Centenarian believes in calling a spade a spade
Although she is well known for her sense of humour, Linnette Mitchell, now 103, is also known as a woman who will speak the truth at all times, come what may.
“She is very fair and she tries to split justice,” Mitchell’s grandniece Yvonne Clarke-Henry said. “That’s Aunt Linnette. No matter what. She was a plain speaker … she says it as it is. She does not dread anyone when it comes to speaking the truth,” Clarke-Henry said.
Born in Black Hill, Portland on February 6, 1911, to parents Martha and James Barnes, Mitchell grew up with her two sisters and one brother. Though both her sisters have since died, Mitchell’s brother Stanford Agustus Barnes is still alive and will be 100 years old come next January.
“As a little girl I used to love to go to school,” Mitchell said from her Black Hill home two Thursdays ago. “I went to the Black Hill Elementary, and the most mi used to do was go to church.”
Mitchell, who sat on her bed propped up with pillows, is unable to see and walk around but hears moderately and recalls incidents from her past. Though she could not recall the year she was married, Mitchell humorously remembered the love between her husband ‘Mass Israel’ and herself.
“A nuh mi fell in love with him, a him fell in love wid mi and take me,” she said with a laugh. “Mi not even know where him did come from.”
Her husband, who was also known to community and family members as ‘South’, was described by his wife as a good tailor. When provoked, he would turn to his wife and say: ‘Linnette mi we throw stone’ something the family still laughs about today, years after his passing.
The union produced two daughters, one of whom died in her early 20s while the other, Cynthia, now resides in England. Cynthia has since given Mitchell five grandchildren.
But Mitchell loved children and was not content to care only for her own two, but instead took in a number of children who were both relatives and non-relatives alike.
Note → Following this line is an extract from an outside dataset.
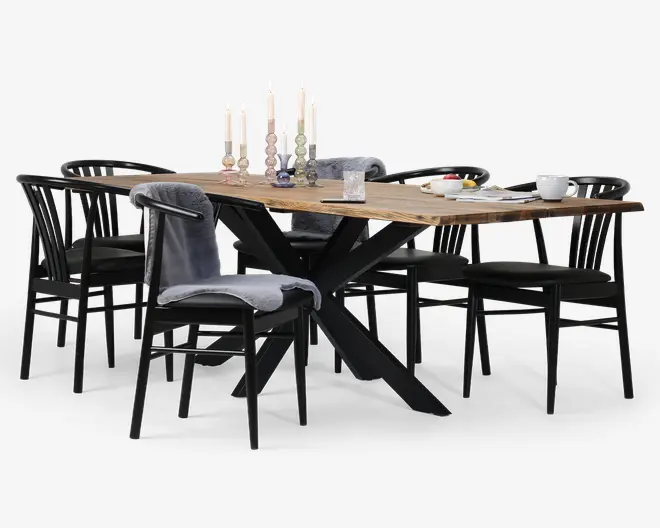 Spisebordsstol i sortlakeret bøg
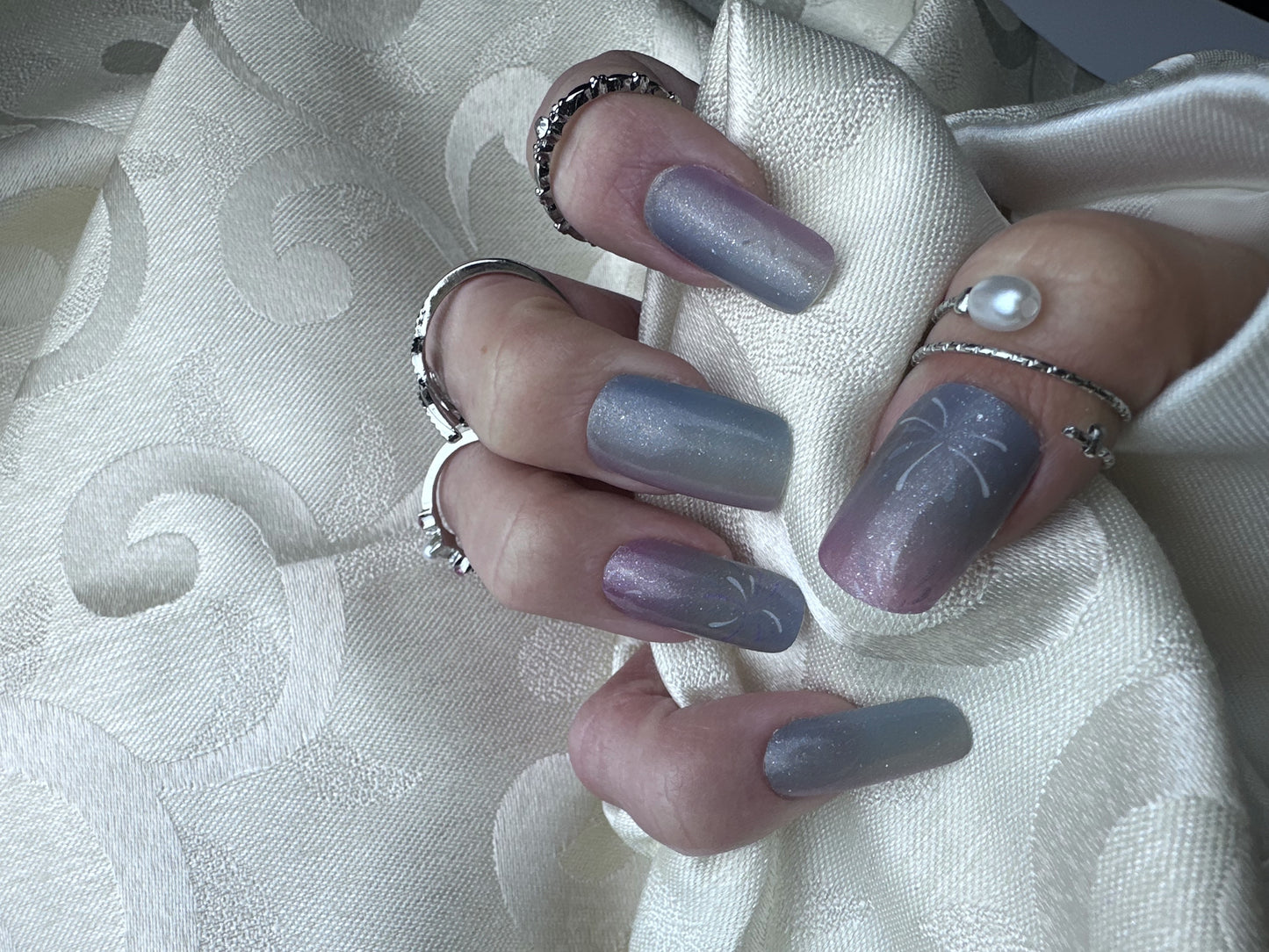 Radiant Burst - Lavender Glow UV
Marcia Swire-Walker who now lives in Chicago is one such person. She was described by family members as Mitchell’s ‘adopted’ daughter and the number one person in the centenarian’s life. Swire-Walker tends to just about all of Mitchell’s financial needs, and though she is not physically with her, she ensures that she is well taken care of.
Mitchell worked as a higgler travelling from Portland to the Coronation Market in West Kingston weekly.
“She went to market up to when she was in her 80s, but she stopped because her eyesight was going bad,” Mitchell’s grandniece Hyacinth White told the Sunday Observer.
“When I say go to market I mean she drive on the big market truck. She was hard-working, she worked very, very, very hard,” White said.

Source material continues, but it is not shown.